Yep! I can't help myself. FOMO!!!! @Captain24 

 

Can you listen to audio books or something in the truck? Or is that no good because you need to listen to the two way?

 

I'm about to clock off, but we can continue tomorrow. I'll be on in the late evening only for a few hours.

Re: I can’t cope

It’s not you that I’m worried about it’s the other members that feel the need to comment @AuntGlow. Talking with you would be helpful in understanding. 

I think that maybe after the meds wore off this started to happen. I don’t know.. I’m still learning. 

There used to be no self care while I’m on the block of work. I’m not home long enough. It’s just work dinner then bed. 

Re: I can’t cope

This is 100% me.
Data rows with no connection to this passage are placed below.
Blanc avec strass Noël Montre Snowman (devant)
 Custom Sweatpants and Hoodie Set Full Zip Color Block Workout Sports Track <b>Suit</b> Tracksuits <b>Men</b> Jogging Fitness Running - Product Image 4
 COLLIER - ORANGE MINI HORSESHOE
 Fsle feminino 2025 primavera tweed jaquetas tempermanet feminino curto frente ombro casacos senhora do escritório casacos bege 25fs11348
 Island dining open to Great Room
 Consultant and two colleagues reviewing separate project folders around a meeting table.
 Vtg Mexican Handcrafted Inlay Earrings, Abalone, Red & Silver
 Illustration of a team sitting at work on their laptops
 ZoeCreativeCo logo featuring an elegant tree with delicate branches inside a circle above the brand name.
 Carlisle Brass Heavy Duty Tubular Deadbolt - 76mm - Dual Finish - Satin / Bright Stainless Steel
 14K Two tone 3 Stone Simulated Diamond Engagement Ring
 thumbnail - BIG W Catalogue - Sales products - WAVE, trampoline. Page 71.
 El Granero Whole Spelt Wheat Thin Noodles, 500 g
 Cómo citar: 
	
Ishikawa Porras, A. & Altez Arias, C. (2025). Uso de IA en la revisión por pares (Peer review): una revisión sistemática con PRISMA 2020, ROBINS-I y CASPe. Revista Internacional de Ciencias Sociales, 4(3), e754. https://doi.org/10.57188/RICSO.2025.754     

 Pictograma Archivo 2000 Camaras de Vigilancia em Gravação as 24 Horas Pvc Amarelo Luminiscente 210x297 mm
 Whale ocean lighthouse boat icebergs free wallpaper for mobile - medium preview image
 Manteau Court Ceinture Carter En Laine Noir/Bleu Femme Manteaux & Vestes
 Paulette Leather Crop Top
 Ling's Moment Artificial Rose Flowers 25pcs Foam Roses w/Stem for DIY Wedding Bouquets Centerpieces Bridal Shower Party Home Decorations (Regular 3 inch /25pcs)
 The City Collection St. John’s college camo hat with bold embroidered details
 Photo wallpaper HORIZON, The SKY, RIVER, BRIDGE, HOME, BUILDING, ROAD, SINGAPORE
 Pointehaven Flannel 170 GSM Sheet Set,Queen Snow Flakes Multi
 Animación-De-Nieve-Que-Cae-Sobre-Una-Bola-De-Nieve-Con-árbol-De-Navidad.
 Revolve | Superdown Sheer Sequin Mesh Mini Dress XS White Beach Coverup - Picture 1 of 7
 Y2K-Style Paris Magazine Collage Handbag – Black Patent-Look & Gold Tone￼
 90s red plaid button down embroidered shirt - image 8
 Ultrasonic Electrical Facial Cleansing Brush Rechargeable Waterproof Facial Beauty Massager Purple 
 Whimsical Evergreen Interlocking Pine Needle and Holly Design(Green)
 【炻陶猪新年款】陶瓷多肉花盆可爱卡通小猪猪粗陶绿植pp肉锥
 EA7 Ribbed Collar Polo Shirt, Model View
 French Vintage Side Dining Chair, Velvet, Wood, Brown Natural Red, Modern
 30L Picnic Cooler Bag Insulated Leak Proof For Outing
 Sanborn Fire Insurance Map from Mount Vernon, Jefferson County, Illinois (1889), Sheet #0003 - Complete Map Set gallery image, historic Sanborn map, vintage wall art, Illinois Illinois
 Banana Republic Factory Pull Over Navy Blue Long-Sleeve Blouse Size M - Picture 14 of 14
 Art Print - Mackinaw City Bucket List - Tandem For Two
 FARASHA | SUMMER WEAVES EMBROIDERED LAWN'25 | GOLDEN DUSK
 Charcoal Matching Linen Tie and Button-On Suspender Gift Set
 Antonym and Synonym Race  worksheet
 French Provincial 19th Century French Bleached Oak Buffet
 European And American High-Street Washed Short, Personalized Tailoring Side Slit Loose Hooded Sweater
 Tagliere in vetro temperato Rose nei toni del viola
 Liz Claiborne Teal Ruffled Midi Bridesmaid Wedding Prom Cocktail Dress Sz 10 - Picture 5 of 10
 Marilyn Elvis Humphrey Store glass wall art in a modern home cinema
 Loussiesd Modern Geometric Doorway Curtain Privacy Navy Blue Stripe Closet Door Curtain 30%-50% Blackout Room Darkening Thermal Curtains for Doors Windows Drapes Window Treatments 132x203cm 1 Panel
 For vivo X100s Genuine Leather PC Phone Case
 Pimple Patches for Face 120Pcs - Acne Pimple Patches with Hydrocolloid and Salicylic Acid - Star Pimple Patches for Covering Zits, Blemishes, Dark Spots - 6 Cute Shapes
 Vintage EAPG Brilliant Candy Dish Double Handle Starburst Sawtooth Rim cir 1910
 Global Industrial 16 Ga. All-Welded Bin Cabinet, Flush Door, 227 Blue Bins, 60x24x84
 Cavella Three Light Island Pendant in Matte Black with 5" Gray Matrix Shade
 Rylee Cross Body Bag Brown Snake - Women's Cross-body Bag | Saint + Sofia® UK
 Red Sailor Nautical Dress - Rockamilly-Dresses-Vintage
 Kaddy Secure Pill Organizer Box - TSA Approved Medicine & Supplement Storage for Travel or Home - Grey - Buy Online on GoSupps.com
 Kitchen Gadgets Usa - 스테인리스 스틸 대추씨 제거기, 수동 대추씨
Maybe both diagnosis is an accurate assessment.

IMG_7210.jpeg

 

Re: I can’t cope

I’m not sure how I feel after my psych appointment. We talked a lot about how I’m still coming to terms with the ASD. But I can see a lot of it in my life now. She said that I’m still the same person that I always was it just explains why I feel different to neurotypical people. 

Re: I can’t cope

Feeling really anxious about going back to work tomorrow. I’m feeling pretty flat. My period is due, whether it comes or not who knows. I don’t have the money to buy smokes so that’s a problem. I know it’s all my own fault. Just feeling it’s too much right now.